A decade ago Apple launched the iPod with the slogan “1,000 songs in your pocket”. The claim encapsulated seamless integration of content and delivery. The launch of the iPod mattered not just for what it did, but for what it implied for the future. The age of the personal computer was ending, giving way to an era in which a single handheld device would be the gateway to every service that could be delivered electronically.
So why didn’t Sony do it? The company created the Walkman, the analogue predecessor to the iPod. For a generation, Sony was the world’s most successful consumer electronics company. It developed a vision of integration of devices and content long before Apple dreamt of going into the music business. The route Sony followed was acquisition. In 1987, Sony bought CBS records. Two years later the company purchased Columbia Pictures.
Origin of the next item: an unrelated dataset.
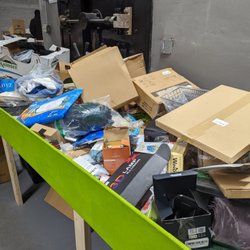 Liquidación Por Cierre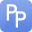 posterprogram.com icon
Sony had seen the future. And it worked, but not for them. Apple went on to dominate the new markets, transforming itself from a computer company into both a leading consumer electronics company and a major retailer. Sony didn’t even come close. (In his biography of Steve Jobs, Walter Isaacson recounts a discussion with the Apple founder on this issue.)
However, its failure is hardly unique. The acquisition of AOL by Time Warner is now notorious as possibly the worst merger in history, although Royal Bank of Scotland’s purchase of the Dutch bank ABN Amro runs it close.
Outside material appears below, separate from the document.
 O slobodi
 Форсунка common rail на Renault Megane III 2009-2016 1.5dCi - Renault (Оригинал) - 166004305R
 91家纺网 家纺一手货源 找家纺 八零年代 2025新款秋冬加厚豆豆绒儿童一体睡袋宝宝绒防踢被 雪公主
As at Sony, Time Warner’s vision of the future was correct. But, as at Sony, it didn’t work for them. Amazon, a retailer, transformed the distribution of print media: just as Apple, a computer company, has transformed the distribution of audio-visual media. And paradoxically, Sony, which didn’t have a book business, proved more effective in e-publishing than in exploiting new distribution systems for audio and video.
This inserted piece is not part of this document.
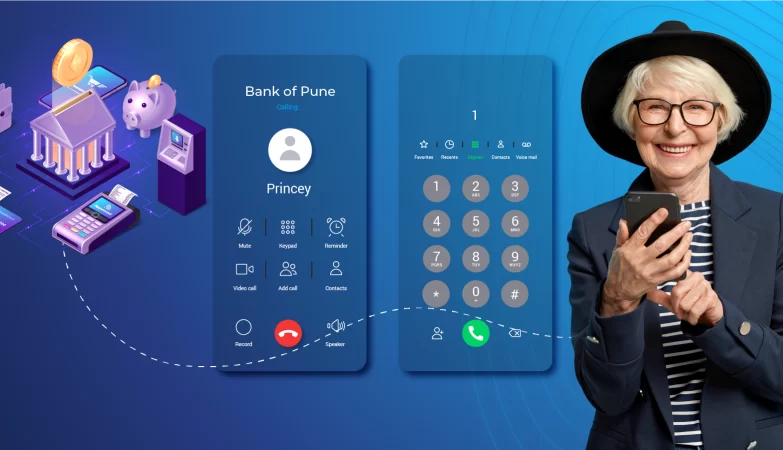 Benefits of Using Agent Banking Software Solutions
AT&T saw in the 1980s that the emergence of computing and telecommunications would define the future of both industries. The vision was again well-founded. But the belief that the means of influencing that future was to buy a computer company was a preposterous misconception, and AT&T would play only a secondary role in the dramatic events that followed.
Narratives of industry evolution often represent fairy tales constructed by corporate financiers, or ambitious chief executives. They relentlessly seek rationale, however spurious, for the next deal. Remember the cradle-to-grave financial services business that would arise from the merger of Travelers and Citibank? Or the seamless home-to-destination service that would follow from United Air Lines’ purchase of car hire and hotel businesses? But the narratives that were used as justification for the Sony or Time Warner or AT&T transactions were not fantasies.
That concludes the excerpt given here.